CKTF-FM re comments made on Les méchants matins du monde

(CBSC Decision 00/01-0705)
G. Bachand (Chair), S. Gouin (Vice-Chair), R. Cohen (ad hoc), B. Guérin, T. Rajan (ad hoc)


On February 19, 2001, at about 7:45 am, CKTF-FM (Gatineau) ran the following sketch (translated from the French), which is part of a dialogue between the program's host and a fictitious frequent caller, Robert (originally broadcast on Les Grandes Gueules) (the full dialogue, from the start to the end of the “call”, can be found in Appendix A):

Robert: By the by, Yves, we might not be talking for a couple of days

Host: How's that?

Robert: Well, I'm goin' Hindu hunting.

Host: [He laughs] Hindu hunting?

Robert: You know what a Hindu is.

Host: Is this the season?

Robert: Yes, the big season.

Host: Okay, okay, gottcha.

Robert: You know what a Hindu is?

Host: Sure I do. Sure.

Robert: You know. The guys with the turbans?

Host: Yeah, yeah.

Robert: Francine Grimaldi with a scooter cap plastered to her forehead.

Host: [He laughs] You can hunt them?

Robert: You bet you can.

Host: What's the quota this year?

Robert: This year you don't have a quota.

Host: Are you going to a reserve, American plan, international?

Robert: Well, no.

Host: American plan. [He laughs].

[All three speak at once]

Robert: Let me explain it to you.

Host: Okay, right on.

Robert: I want to tell you all – those who have always dreamed of having a turban on the hood of your pickup truck or a stuffed head over your fireplace – they know what I'm talkin' about [the music starts]. At the end of winter [the hosts laugh] the Hindu feels the need to find a female to mate with …

Host: Yes.

Robert: … thereby increasing the amount of his welfare cheque. [The hosts laugh].

Host: This brings to mind the Mutual of Omaha with ….

Robert: It's along the same lines.

Host: [Laughing] Yeah, eh?

Robert: So, for anyone who wants to hunt a Hindu, this is how to go about it.

Host: Okay, we're taking notes.

Robert: A month before, you put your curry blocks around your blind [the hosts laugh]. Then I use the Hindu snare which I bait with a stolen VCR or ugly clothing [the hosts laugh]. Preferably brown.

Host: Oh, that works every time.

Robert: Every time.
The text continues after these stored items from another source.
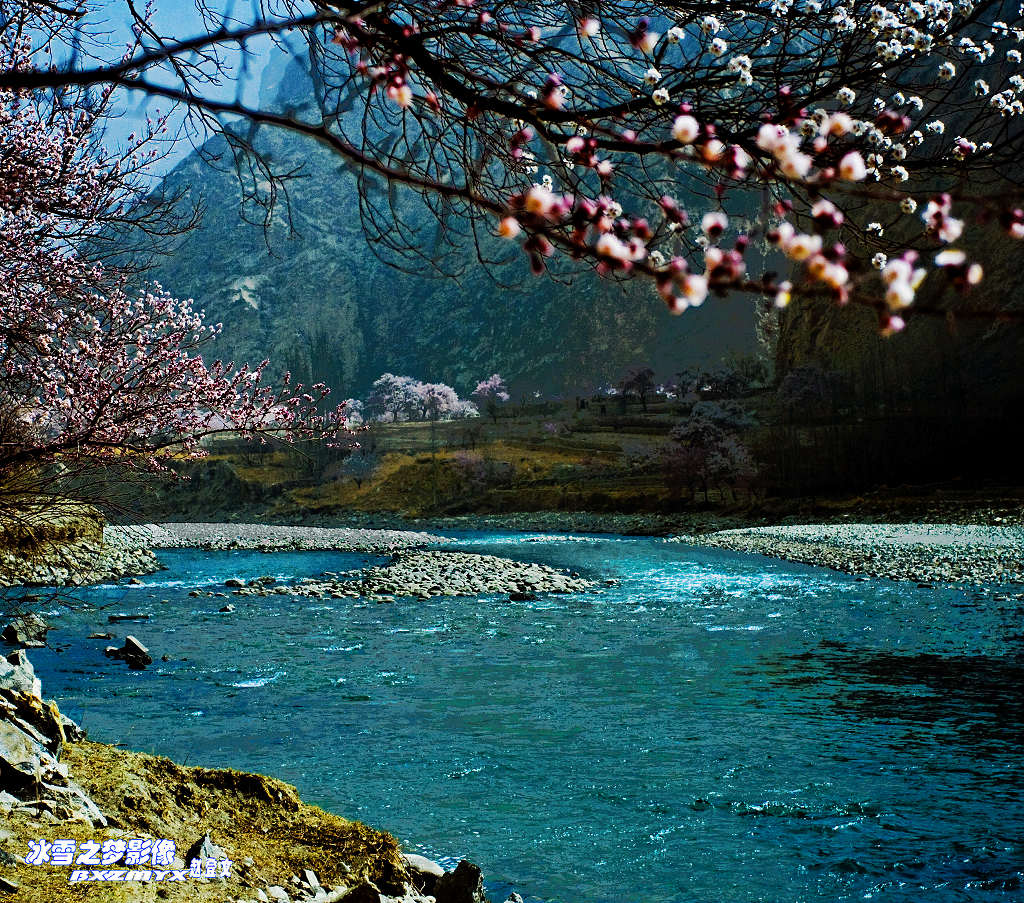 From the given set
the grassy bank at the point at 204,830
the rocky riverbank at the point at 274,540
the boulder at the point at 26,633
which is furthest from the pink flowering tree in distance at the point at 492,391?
the grassy bank at the point at 204,830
I'm telling you it attracts them like flies to poop.

Host: Right. What's the password again?

Robert: Go back to your cash [the hosts laugh].

Host: It makes me laugh. We'll let it go ….

Robert: The more fearless will surely risk getting near the Hindus by wearing a fake turban on their heads and smelling their rears to appear to be one of them.

Host: [He laughs] All right, okay. That's pretty dangerous.

Robert: Yes, and I strongly advise against it. It's very dangerous. Because the Hindu in question could invite you to dinner and that's a trap you'll never get out of. So happy hunting to all and I'm looking forward to comparing the size of your turbans.

Host: Thank you very much.

Robert: My pleasure.

During the course of that broadcast, frequent caller Robert also referred to his “wife” as “My big mamma Rolande”. While there were other comments made about his wife, none, in the view of the Panel, were even moderately contentious in terms of the Code (the full dialogue of this portion of the Grandes Gueules item is included in Appendix A).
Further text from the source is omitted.